When she hung up the phone Jack said, ‘Where’s your dad gone?’
Stella shook her head, chucking her phone into her bag. ‘She doesn’t know.’
Jack half-laughed. ‘That’s absurd. He doesn’t go anywhere.’
Stella held her hands wide. ‘Apparently he does.’
Jack looked like he was about to say something else but was cut off by the car behind beeping when Jack didn’t immediately move forward to fill the gap as the traffic rolled forward a car’s length.
‘I knew we should have taken the M4 route,’ he muttered.
Stella shook her head, incredulous. It had been her suggestion that they take the A303 and she couldn’t believe he hadn’t held in that comment in light of the whole missing-dad fiasco.
They drove on in silence for a while, the car warming up as their dodgy air conditioning failed to compete with the rising sun.
She and Jack had already had a row after she’d admitted being a bit nervous about seeing Sonny.
The reason they were currently driving down to Cornwall was to pick up their thirteen-year-old son, who, at the end of her tether, Stella had sent to stay with her parents for a fortnight.
Jack had sighed and replied, quite haughtily in Stella’s opinion, ‘Well, it should never have got this far in the first place! We should have dealt with it at home.’
‘You can keep saying that, Jack, but you weren’t there. You’re never there to see what a pain he is. You waltz in the door at seven thirty when it’s practically bedtime anyway.’
‘I do not waltz in the door.’
Stella had wanted to say that he very much did waltz in the door, but they’d been over this a thousand times already. That was how her and Jack’s relationship had been for the last few weeks. She’d tried countless times to explain to him the unrelenting frustration of every night trying to force their thirteen-year-old to get off his phone and do his homework, Stella’s own deadlines pressing down on her, stress mounting. Until the evening that Sonny had sworn he was doing his physics project but was just hiding his phone behind half a papier-mâché Vesuvius. Furious, Stella had whipped the phone off him, deleted the game he was playing and every other one and changed the password to her iTunes account so he couldn’t download anything else.

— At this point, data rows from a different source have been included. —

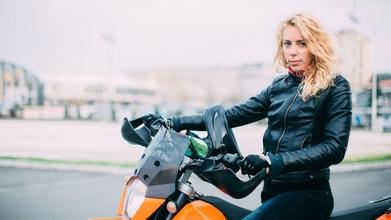 Casting mujer de 25 a 35 años con una moto para spot de televisión nacional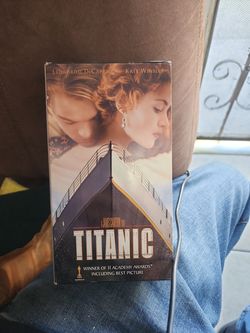 Titanic vhs types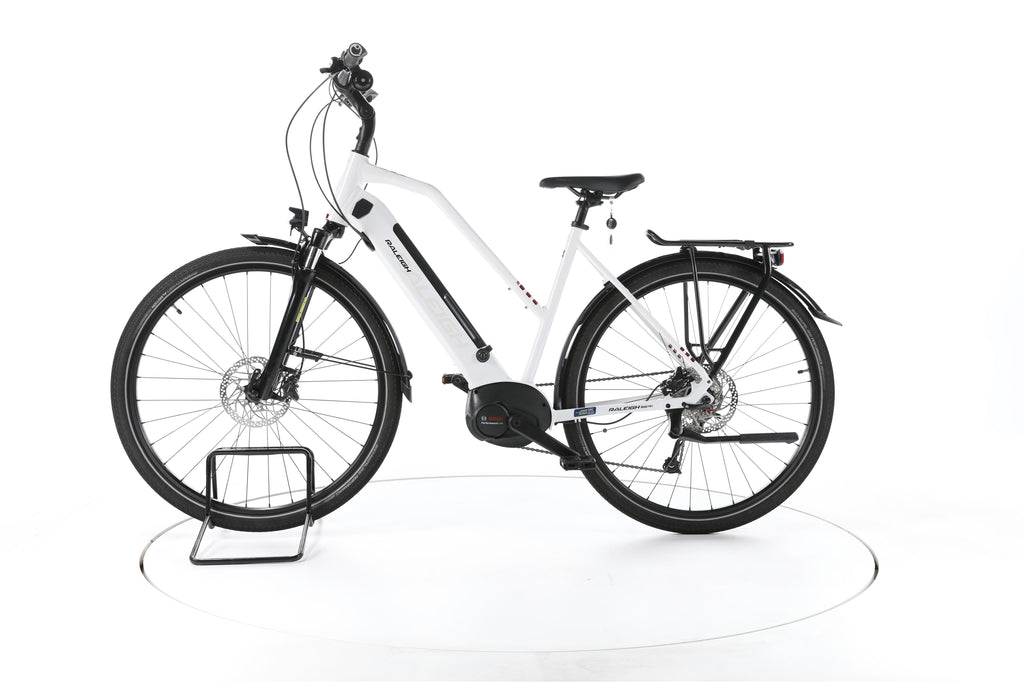Raleigh Kent 9 Trekking E-Bike - Image 7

‘You stupid bitch!’ Sonny had shouted at her and then he’d looked immediately at the floor, his face rigid.
‘I beg your pardon?’
Silence.
‘Apologise. Now!’ Stella said, hands on her hips, eyes wide.
Still silence.
Time hung paused in the air.
‘Apologise.’ Nothing.
She could feel her heart rate rising. ‘If you don’t apologise, Sonny, by the time I count to three—’ The words came out of her mouth almost on instinct. As if she was so tired and stressed her brain had resorted to a time when she was guaranteed control. To when Sonny was a little kid and more than happy to apologise if it meant he’d get to keep his chocolate buttons.
Right now, Stella had no idea what she would do when she got to three. She should have used the deleting of the apps as bait but such strategy was easy in hindsight, all she could do now was start counting. ‘One.’
Sonny’s eyes stayed fixed on the ground.
Please just say sorry.
‘Two.’
His jaw clenched.
Stella took a breath in through her nose.